What to work on:
Retype the data that follows exactly. No pictures belong in the copy.

Provided records:
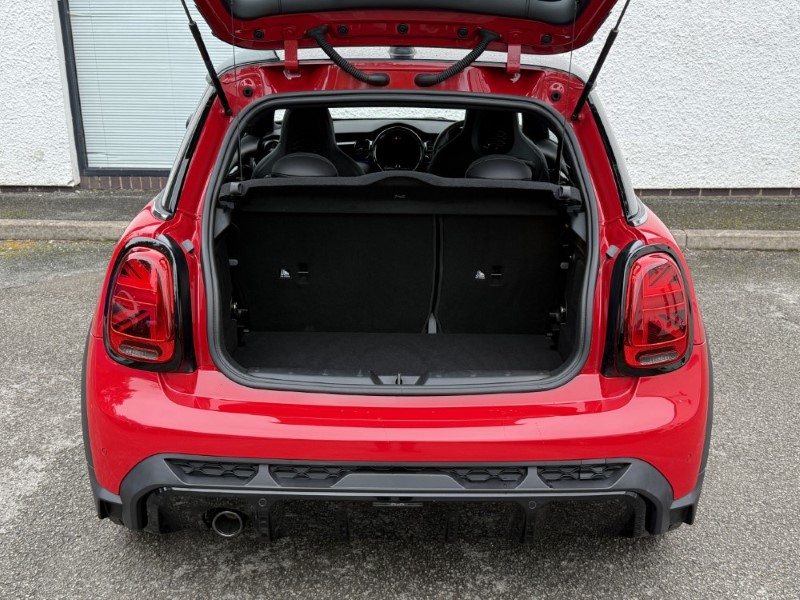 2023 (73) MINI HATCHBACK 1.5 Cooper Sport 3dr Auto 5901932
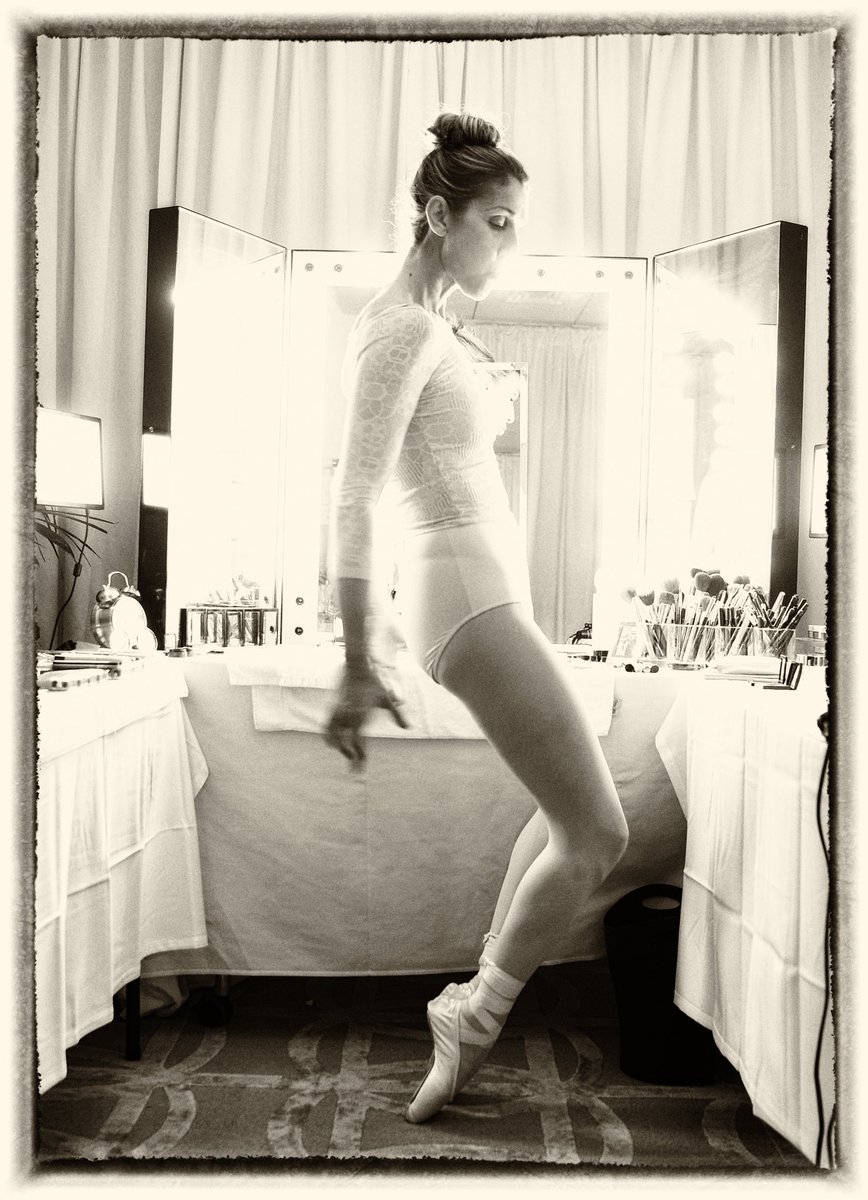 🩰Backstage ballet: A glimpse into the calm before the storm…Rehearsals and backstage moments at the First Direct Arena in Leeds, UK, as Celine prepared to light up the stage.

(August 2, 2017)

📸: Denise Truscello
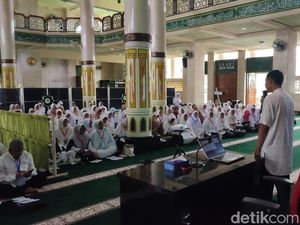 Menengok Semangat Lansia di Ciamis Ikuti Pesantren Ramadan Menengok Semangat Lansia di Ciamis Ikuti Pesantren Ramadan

Written reply:
 2023 (73) MINI HATCHBACK 1.5 Cooper Sport 3dr Auto 5901932
 🩰Backstage ballet: A glimpse into the calm before the storm…Rehearsals and backstage moments at the First Direct Arena in Leeds, UK, as Celine prepared to light up the stage.

(August 2, 2017)

📸: Denise Truscello
 Menengok Semangat Lansia di Ciamis Ikuti Pesantren Ramadan Menengok Semangat Lansia di Ciamis Ikuti Pesantren Ramadan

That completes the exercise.